Le principe de précaution n’est pas un principe d’anxiété (éditorial du Monde du 21 avril), il permet au contraire de lutter contre les dérives de notre société thermo-industrielle. Cet éditorial préfère assimiler mesures de précaution et société régressive, diabolisant le principe de précaution. Nous nous rappelons encore les résistances des « spécialistes » avant même les débats parlementaires de 2005 sur sa constitutionnalisation en 2005. Selon l’Académie des sciences morales, ce projet « aurait des conséquences scientifiques, industrielles et même politiques puisqu’il irait à l’encontre des principes qui fondent notre démocratie représentative » ?? Les Académies des sciences et de médecine craignaient que l’inscription de ce principe dans la Constitution n’ait des conséquences « désastreuses », et même le quotidien LeMonde traitait dans un éditorial du 26 avril 2004 le principe de précaution de principe de frilosité.
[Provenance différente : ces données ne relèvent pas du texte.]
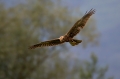 Rjavi_lunj_Marsh_harrier_Circus_aeruginosus_Orli_Accipitridae_30.jpg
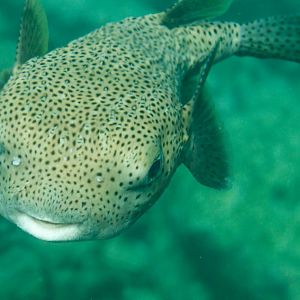 Porcupinefish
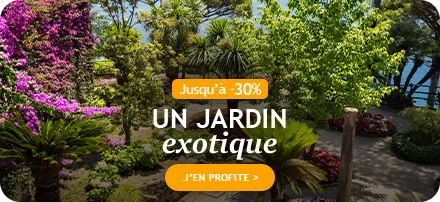 Un jardin exotique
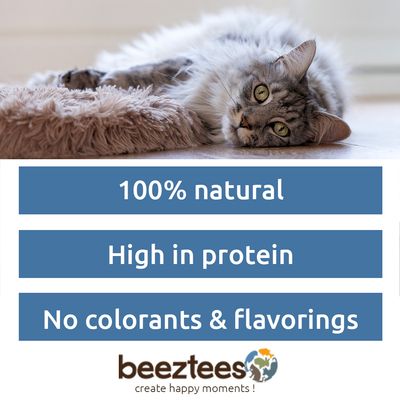 Beeztees sušené ryby, bez farbív a aróm. Balenie s viditeľnými sušenými malými rybami. Text: Dried Fish, Gedroogde visjes, Trockenfisch.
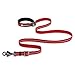 Ruffwear Slackline Leash for Pets, Red Rock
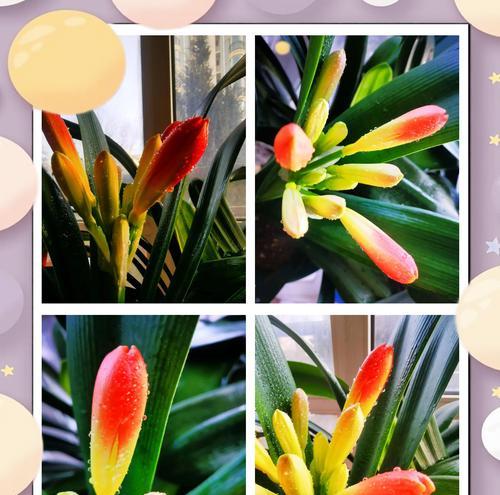 君子兰的花语是什么？如何养护才能花开不断？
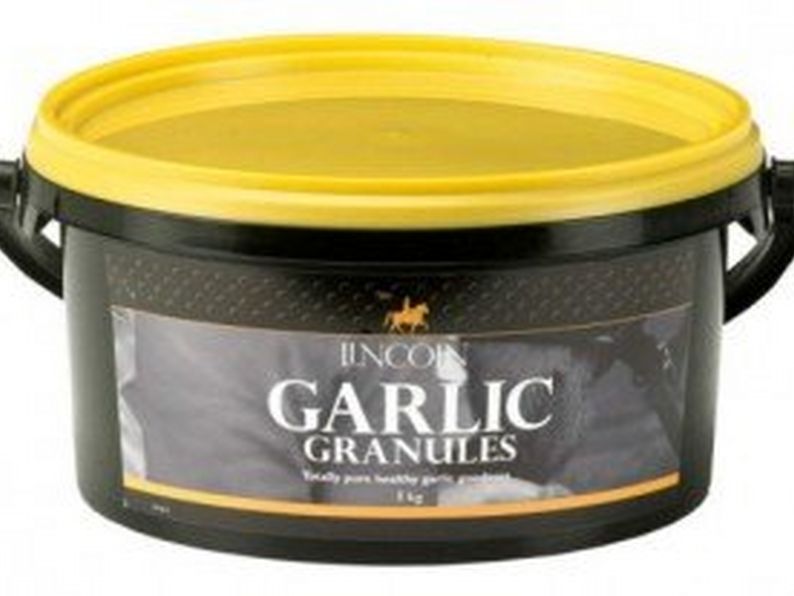 Garlic Granuels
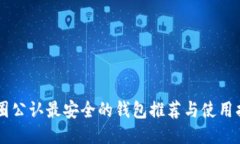 币圈公认最安全的钱包推荐与使用指南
De son côté, le Medef avait réaffirmé son opposition sous prétexte d’un effet dissuasif sur la recherche et l’innovation. Nous nous rappelons aussi avec quelle condescendance Jean Yves Nau traitait le principe de précaution « d’indéfinissable » alors qu’il s’interrogeait dans LeMonde du 13 août 2007 sur la problématique de l’effet à long terme des faibles doses (radiations nucléaires, ondes électromagnétiques, taurine dans le Red Bull…). Nous nous rappelons encore les propos de Baverez prônant une « bonne » écologie qui « se démarque d’une conception absolutiste du principe de précaution pour se réconcilier avec la science et le progrès. » (Les Echos du 16 octobre 2007). Nous nous rappelons particulièrement la diatribe du professeur Michel Godet contre les « Khmers verts pour qui la disparition de l’homme blanc occidental serait une bonne nouvelle » et sa conclusion : « Si on appliquait le principe de précaution, on ne ferait pas d’enfants ! » (LeMonde du 13 décembre 2007).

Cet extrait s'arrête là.